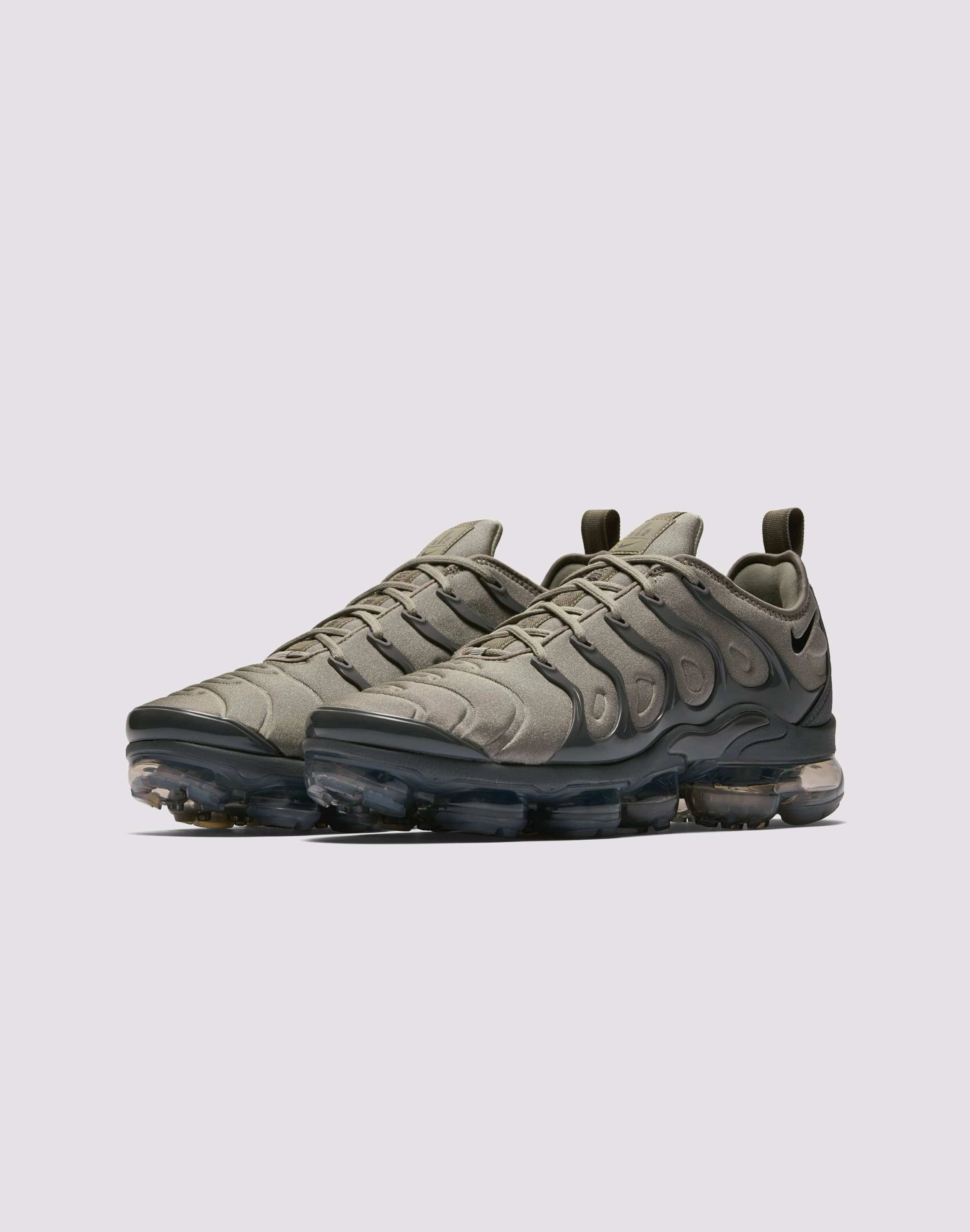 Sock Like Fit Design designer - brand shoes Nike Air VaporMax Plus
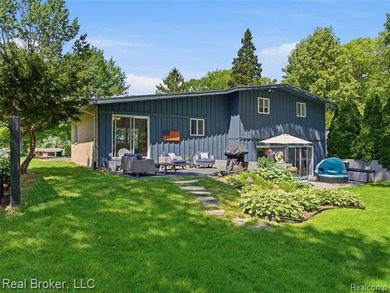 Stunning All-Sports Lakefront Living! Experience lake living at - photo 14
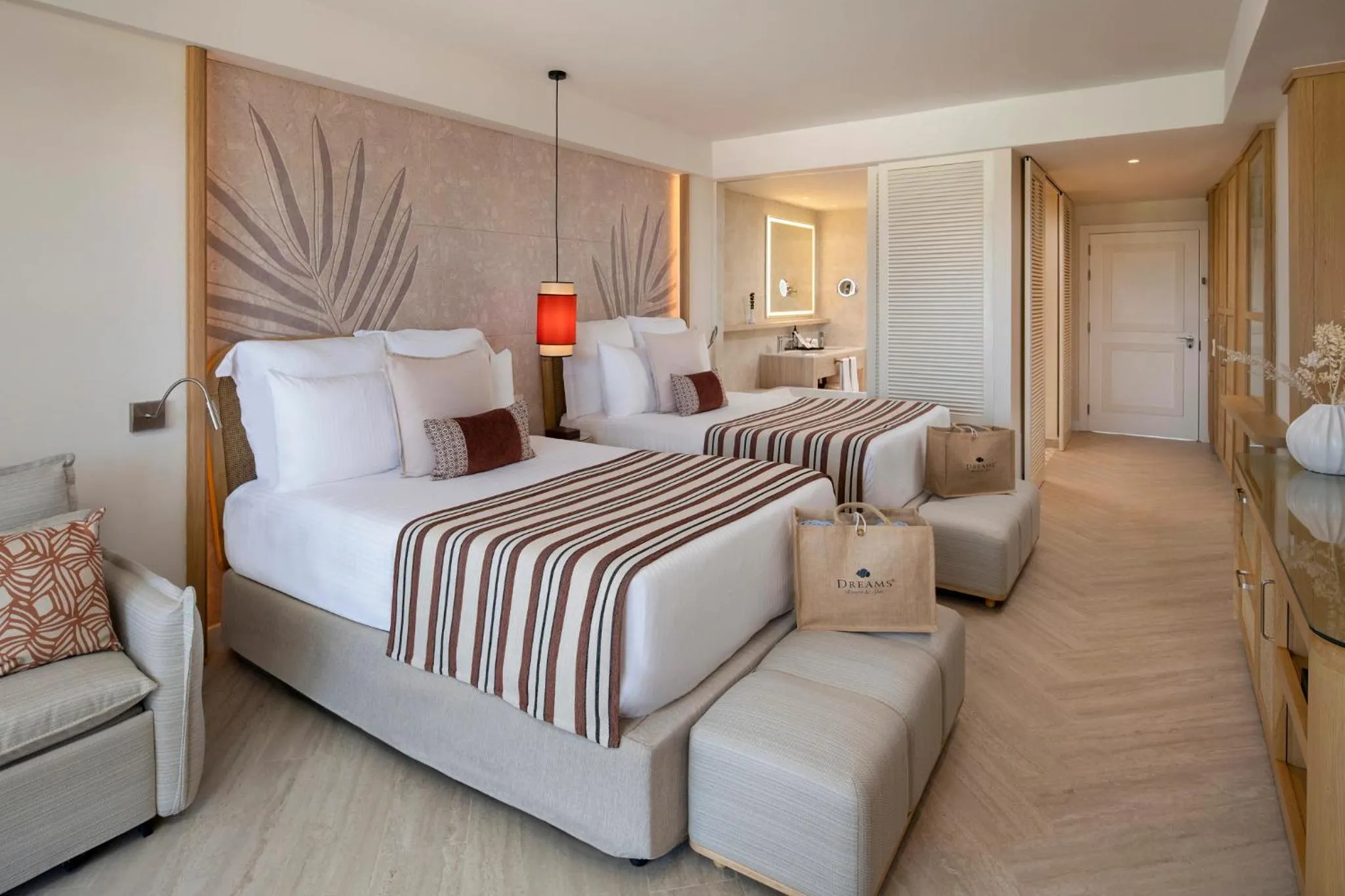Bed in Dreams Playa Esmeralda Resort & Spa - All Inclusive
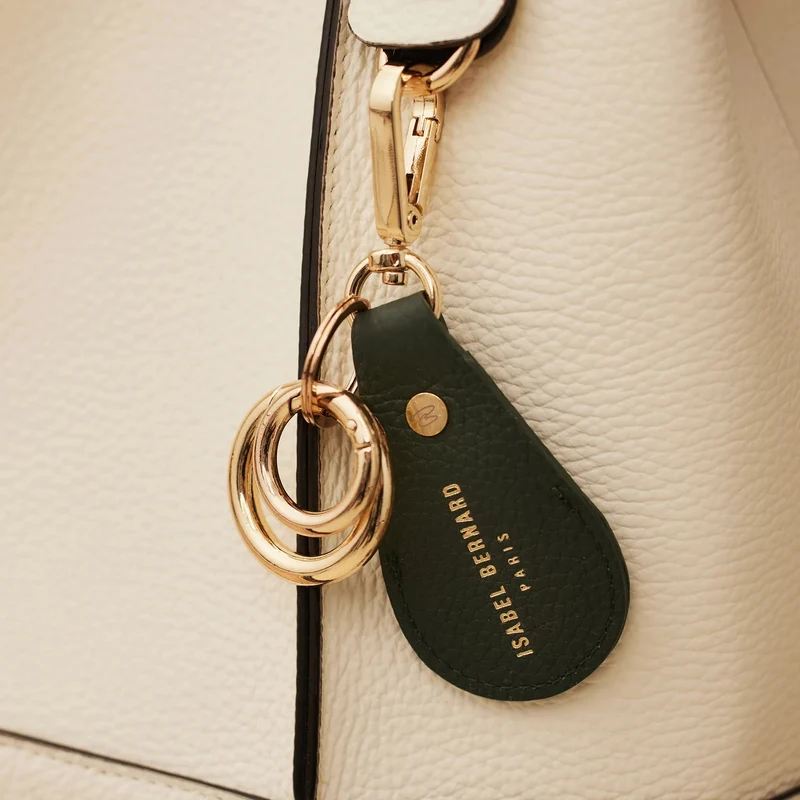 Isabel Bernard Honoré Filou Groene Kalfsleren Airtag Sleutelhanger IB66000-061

## Task brief
Set down exactly, from the line that contains "Bed in Dreams" through the last line of the data, each line as it stands, and leave the pictures out.

## Task solution
Bed in Dreams Playa Esmeralda Resort & Spa - All Inclusive
 Isabel Bernard Honoré Filou Groene Kalfsleren Airtag Sleutelhanger IB66000-061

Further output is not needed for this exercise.